[Brief descriptive captions]
•••

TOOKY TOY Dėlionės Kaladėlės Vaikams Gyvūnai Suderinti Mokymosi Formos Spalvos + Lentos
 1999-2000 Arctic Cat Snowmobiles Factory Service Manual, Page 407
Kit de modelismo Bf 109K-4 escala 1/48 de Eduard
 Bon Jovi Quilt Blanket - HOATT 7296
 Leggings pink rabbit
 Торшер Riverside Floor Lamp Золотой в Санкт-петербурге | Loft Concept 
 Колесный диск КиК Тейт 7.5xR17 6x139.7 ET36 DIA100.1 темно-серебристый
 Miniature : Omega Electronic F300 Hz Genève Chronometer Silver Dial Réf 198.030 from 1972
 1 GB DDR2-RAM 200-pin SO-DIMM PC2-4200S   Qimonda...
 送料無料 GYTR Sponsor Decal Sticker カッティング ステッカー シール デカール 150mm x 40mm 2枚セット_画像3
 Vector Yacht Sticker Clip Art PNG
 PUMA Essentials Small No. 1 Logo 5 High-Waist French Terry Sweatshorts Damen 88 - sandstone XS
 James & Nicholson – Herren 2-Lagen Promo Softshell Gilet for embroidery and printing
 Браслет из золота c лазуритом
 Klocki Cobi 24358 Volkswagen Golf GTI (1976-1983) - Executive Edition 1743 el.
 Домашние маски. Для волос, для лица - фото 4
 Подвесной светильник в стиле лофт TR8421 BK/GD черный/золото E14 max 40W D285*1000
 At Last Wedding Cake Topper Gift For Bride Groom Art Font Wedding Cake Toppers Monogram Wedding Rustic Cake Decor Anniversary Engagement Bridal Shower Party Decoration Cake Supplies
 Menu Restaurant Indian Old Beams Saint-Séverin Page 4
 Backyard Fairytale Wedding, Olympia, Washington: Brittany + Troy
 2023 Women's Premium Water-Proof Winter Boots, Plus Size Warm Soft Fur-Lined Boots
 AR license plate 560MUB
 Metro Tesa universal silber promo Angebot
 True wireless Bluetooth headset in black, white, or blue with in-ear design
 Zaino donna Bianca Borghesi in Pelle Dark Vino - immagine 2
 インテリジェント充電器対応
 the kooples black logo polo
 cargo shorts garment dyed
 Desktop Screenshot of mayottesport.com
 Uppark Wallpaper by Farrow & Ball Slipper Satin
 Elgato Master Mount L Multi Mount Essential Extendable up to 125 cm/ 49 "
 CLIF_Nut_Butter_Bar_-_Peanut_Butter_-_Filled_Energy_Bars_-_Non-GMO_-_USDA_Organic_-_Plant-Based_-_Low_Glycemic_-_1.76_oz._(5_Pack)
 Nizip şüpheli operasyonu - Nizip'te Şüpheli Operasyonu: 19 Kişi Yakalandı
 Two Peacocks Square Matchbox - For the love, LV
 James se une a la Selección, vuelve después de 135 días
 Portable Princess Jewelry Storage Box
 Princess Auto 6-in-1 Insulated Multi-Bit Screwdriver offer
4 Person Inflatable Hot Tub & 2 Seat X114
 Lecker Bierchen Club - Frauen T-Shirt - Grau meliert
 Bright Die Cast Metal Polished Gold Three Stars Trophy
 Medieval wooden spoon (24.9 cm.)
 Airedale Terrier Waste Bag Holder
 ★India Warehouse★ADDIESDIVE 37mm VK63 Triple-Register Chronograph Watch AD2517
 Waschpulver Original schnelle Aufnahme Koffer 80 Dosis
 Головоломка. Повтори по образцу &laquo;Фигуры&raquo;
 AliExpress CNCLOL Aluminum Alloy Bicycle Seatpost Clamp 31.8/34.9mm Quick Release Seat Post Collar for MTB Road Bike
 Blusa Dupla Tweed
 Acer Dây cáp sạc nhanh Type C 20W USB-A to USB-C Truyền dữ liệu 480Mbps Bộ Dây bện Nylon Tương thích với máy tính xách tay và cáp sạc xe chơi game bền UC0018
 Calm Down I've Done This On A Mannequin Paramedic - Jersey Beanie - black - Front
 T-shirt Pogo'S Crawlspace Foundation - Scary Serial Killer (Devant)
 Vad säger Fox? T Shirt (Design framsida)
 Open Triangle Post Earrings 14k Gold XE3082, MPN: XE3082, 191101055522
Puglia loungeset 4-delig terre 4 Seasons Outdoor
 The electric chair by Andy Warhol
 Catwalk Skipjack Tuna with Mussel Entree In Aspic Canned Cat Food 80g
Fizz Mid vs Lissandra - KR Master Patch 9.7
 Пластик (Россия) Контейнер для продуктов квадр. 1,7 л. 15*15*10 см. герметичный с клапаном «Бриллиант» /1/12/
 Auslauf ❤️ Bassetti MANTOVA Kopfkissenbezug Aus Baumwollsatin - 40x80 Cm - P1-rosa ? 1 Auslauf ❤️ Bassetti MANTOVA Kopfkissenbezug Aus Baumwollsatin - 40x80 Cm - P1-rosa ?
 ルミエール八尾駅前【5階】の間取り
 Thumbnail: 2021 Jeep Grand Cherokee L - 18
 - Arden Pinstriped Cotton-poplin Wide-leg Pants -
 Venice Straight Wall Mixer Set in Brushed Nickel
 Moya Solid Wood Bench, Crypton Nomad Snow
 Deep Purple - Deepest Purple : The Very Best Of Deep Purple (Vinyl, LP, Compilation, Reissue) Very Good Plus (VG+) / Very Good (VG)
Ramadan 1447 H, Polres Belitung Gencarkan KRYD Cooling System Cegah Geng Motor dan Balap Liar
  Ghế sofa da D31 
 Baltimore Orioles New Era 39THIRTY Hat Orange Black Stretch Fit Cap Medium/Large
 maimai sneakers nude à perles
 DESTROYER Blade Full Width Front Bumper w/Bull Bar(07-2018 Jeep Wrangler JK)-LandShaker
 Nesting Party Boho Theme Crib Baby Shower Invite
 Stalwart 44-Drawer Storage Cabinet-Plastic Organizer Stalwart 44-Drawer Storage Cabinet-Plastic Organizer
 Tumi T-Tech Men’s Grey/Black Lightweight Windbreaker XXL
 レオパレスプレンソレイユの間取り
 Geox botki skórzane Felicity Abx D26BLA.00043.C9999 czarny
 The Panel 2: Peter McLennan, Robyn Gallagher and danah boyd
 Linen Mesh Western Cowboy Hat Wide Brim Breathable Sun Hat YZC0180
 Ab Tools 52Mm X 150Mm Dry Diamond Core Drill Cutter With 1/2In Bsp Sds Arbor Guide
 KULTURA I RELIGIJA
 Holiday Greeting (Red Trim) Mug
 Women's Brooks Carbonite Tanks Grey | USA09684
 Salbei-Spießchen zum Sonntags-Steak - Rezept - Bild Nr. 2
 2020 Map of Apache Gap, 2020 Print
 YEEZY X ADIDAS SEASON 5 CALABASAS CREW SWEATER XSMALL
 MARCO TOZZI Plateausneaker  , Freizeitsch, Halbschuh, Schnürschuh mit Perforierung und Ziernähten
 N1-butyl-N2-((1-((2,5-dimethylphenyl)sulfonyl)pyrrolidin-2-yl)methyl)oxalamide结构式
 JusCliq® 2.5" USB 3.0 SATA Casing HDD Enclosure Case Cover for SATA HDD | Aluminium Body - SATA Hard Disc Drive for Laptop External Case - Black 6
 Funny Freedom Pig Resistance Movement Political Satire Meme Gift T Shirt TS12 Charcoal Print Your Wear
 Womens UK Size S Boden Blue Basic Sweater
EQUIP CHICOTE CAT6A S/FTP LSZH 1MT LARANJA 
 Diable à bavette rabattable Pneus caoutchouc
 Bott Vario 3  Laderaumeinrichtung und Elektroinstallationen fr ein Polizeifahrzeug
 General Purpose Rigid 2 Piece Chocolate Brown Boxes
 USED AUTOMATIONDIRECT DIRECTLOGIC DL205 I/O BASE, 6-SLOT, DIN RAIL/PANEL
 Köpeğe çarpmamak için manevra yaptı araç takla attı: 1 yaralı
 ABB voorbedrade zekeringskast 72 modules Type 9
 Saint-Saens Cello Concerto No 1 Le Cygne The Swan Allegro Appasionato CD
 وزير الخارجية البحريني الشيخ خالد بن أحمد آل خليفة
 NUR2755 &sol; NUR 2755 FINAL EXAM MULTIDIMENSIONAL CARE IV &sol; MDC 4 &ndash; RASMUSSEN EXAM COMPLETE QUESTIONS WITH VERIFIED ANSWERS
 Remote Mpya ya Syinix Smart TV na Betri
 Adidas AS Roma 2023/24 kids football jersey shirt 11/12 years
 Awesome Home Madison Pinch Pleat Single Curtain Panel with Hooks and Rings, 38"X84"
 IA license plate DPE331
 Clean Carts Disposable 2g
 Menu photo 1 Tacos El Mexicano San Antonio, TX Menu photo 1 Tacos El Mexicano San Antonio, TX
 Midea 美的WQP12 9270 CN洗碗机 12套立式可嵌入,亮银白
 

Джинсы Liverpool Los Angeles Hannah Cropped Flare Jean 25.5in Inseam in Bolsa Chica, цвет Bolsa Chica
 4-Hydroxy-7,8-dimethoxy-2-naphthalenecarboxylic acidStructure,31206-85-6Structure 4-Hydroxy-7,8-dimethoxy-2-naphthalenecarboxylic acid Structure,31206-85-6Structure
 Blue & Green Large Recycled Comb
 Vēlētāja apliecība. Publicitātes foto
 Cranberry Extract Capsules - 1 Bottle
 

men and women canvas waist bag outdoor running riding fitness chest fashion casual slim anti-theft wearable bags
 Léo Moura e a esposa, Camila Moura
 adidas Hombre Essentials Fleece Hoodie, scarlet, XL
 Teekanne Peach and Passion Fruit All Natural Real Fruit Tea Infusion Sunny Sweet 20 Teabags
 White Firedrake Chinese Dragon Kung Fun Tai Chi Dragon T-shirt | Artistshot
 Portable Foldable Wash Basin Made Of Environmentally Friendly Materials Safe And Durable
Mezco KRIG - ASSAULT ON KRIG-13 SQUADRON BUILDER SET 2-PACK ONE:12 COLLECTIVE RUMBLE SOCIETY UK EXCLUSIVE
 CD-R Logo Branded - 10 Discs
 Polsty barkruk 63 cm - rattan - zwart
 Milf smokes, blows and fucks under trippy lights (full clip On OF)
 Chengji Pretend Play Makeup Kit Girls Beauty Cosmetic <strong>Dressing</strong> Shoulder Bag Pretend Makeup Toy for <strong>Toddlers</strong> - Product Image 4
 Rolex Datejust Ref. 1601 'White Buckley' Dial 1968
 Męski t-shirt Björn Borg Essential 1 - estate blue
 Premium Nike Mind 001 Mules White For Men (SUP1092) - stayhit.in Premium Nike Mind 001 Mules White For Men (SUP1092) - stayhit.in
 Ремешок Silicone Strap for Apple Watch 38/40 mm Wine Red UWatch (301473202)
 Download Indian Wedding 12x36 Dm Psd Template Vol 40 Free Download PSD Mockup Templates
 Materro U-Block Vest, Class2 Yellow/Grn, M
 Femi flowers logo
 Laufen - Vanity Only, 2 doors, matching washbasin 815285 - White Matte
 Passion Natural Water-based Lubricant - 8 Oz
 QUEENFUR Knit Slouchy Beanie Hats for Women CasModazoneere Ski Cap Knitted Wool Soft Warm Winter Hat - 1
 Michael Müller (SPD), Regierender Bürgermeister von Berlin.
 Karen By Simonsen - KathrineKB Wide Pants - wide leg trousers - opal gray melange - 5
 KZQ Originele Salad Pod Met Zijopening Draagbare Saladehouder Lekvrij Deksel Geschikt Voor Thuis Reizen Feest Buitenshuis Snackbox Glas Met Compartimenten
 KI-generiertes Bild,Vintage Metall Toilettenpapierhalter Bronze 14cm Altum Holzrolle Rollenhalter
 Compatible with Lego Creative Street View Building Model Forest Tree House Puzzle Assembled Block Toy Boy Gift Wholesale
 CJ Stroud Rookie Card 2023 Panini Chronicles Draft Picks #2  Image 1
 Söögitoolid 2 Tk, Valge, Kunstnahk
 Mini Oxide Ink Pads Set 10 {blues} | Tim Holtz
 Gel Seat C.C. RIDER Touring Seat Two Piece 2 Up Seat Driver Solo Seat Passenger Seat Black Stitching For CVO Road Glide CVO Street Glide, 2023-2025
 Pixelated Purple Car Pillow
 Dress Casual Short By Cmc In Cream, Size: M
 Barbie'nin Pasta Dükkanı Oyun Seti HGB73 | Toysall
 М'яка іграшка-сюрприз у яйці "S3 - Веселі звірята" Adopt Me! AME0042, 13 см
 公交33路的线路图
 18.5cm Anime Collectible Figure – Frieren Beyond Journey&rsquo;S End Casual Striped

•••

* _Work item_
The answer is the run of lines above from the line containing "Venice Straight Wall" through the line containing "Stalwart 44-Drawer Storage Cabinet-Plastic Organizer Stalwart", copied exactly and alone.

* _Exercise response_
 Venice Straight Wall Mixer Set in Brushed Nickel
 Moya Solid Wood Bench, Crypton Nomad Snow
 Deep Purple - Deepest Purple : The Very Best Of Deep Purple (Vinyl, LP, Compilation, Reissue) Very Good Plus (VG+) / Very Good (VG)
Ramadan 1447 H, Polres Belitung Gencarkan KRYD Cooling System Cegah Geng Motor dan Balap Liar
  Ghế sofa da D31 
 Baltimore Orioles New Era 39THIRTY Hat Orange Black Stretch Fit Cap Medium/Large
 maimai sneakers nude à perles
 DESTROYER Blade Full Width Front Bumper w/Bull Bar(07-2018 Jeep Wrangler JK)-LandShaker
 Nesting Party Boho Theme Crib Baby Shower Invite
 Stalwart 44-Drawer Storage Cabinet-Plastic Organizer Stalwart 44-Drawer Storage Cabinet-Plastic Organizer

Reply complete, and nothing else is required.